A former senior garda has been given a suspended sentence and a €5,000 fine for leaking a confidential government report to an Evening Herald reporter.

A former senior garda has been given a suspended sentence and a €5,000 fine for leaking a confidential government report to an Evening Herald reporter.

Now-retired Detective Sergeant Robert McNulty (aged 50) had been "obsessed" with restoring his reputation since coming under a 2006 public inquiry into the Dean Lyons case and had denied contacting reporter Mick McCaffrey, whose fingerprints were found on his copy of the draft report.

Defence counsel Mr Padraig Dwyer SC submitted that his client spoke of being "ridiculed" by the media and "jeered at by his own peers" and had disclosed the draft report, which cleared gardaí of misconduct surrounding Mr Lyons’s false murder confessions, in a "self-serving" bid to "vindicate his own good name".

Mr Dwyer submitted to Judge Desmond Hogan that his client had been "obsessed" with clearing his name and "jumped the gun" by divulging the report’s findings before its final draft was sent to the Justice Minister.

McNulty, of The Close, Boden Park, Rathfarnham pleaded guilty to disclosing the draft report’s contents without consent on a date between July 10 and August 10, 2006.

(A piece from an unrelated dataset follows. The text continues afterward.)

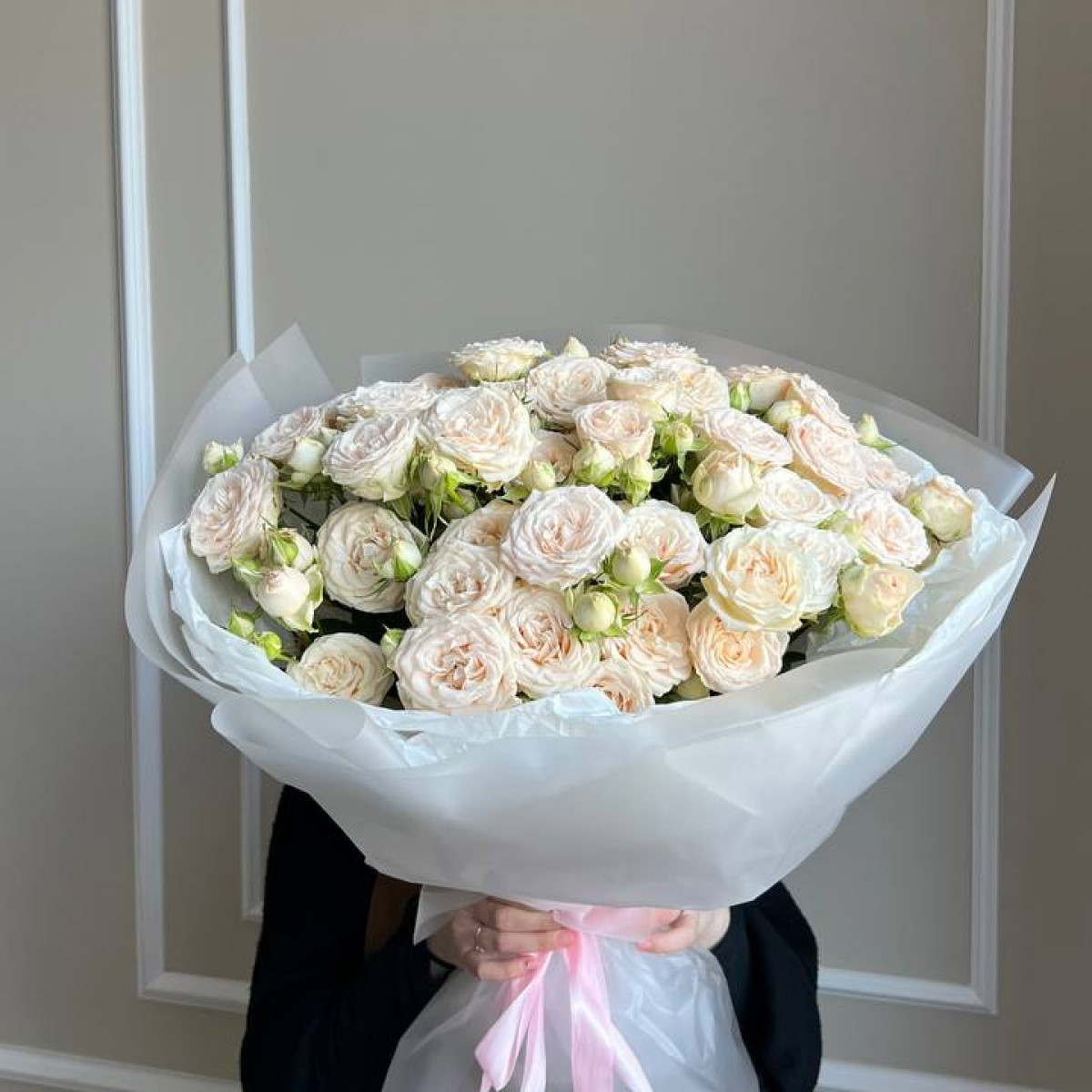 Моно букет из кустовых роз 90 (предзаказ)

Judge Hogan noted that the information released by McNulty related to himself and that he has since resigned his senior position in the gardai.

He imposed a 12-month suspended sentence and a €5,000 fine with three months to pay.

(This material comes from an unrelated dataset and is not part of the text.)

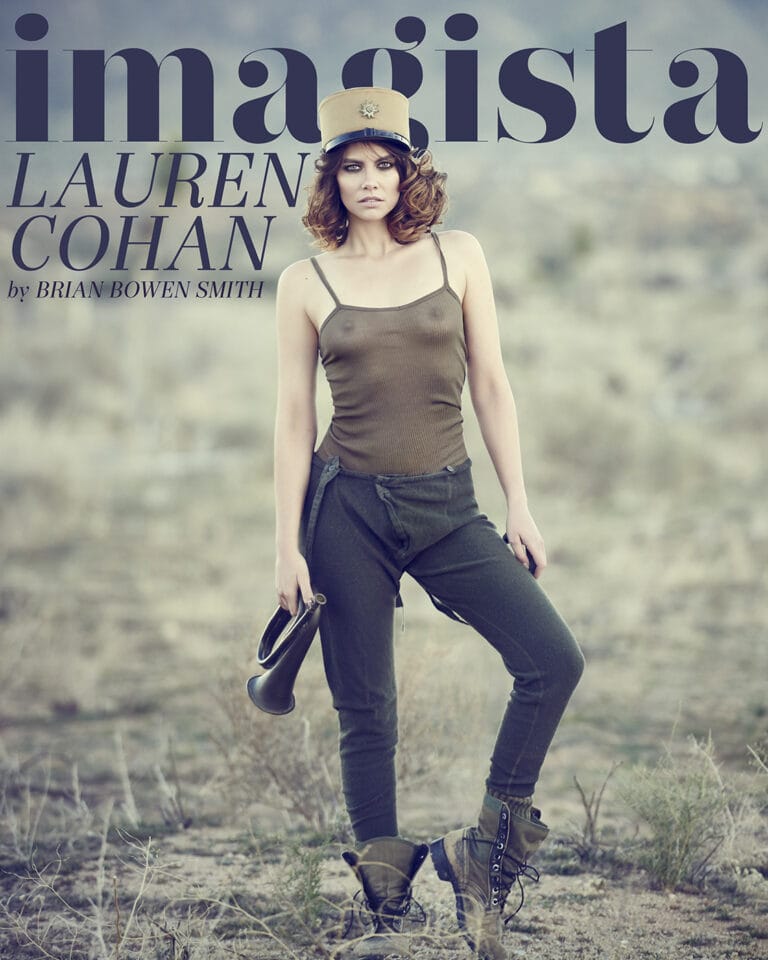 Lauren Cohan: Luce un top ajustado en tono oliva y pantalones de corte relajado, complementados con…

Detective Superintendent John McMahon said the Government set up the Dean Lyons Commission of Investigation under Mr George Birmingham SC (now Mr Justice Birmingham) to investigate Mr Lyons’s false confessions to two murders in the Grangegorman area in 1997.

Det Supt McMahon said McNulty and other colleagues had already been vindicated of misconduct in an internal inquiry and subsequent review.

He said Mr Birmingham sent the first draft of the commission’s report to 15 people, including McNulty, between July 10 and 11, 2006, before revising it, issuing a second draft and sending the final draft to the Justice Minister on July 28, 2006.

Det Supt McMahon told Mr McGinn that the Evening Herald published articles on August 10 and 11, 2006 containing direct quotes from the first five pages of the report’s initial draft.

Gardaí deduced that the quoted material came from the report’s first draft because the same content had been amended in subsequent drafts.

McNulty confirmed he had received the confidential document in a sealed envelope but denied he had contacted Mr McCaffrey or other journalists when he spoke with colleagues investigating the leak.

Det Supt McMahon said gardaí arrested McNulty and Mr McCaffrey when they found evidence of calls between the two men on the reporter’s phone.

He said gardaí matched the reporter’s fingerprints to three marks found on McNulty’s draft report.

The former garda was charged with disclosing the report on October 15, 2007 and suspended from the force since then until his retirement in July 2009.

Det Supt McMahon agreed with Mr Dywer that his client had been a serving member of An Garda Síochána since 1978 and was a "good officer" who "worked well".

Retired Det Supt PJ Browne described McNulty, his friend and colleague of 20 years, as a "very commendable, very reliable" member of the force who came under enormous pressure from the Dean Lyons investigations.

Det Supt Browne revealed that McNulty "looked at himself as being under suspicion at all times" during the internal garda inquiry but "came back to himself" when the investigations were over.

He agreed with Mr Dwyer that the "pressure" returned when the public inquiry began.

Det Supt Browne said: "My only belief is that he did it to clear his name", when Mr Dwyer asked him his opinion on McNulty’s motive for the leak.

Mr Dwyer (with Mr Breffni Gordon BL) submitted that McNulty, a married father-of-three with no previous convictions, had lost his reputation, his job, his health and the respect of his colleagues and the public.

He submitted that although his client had "jumped the gun" with leaking the report, the disclosure did not derail the commission or affect its work.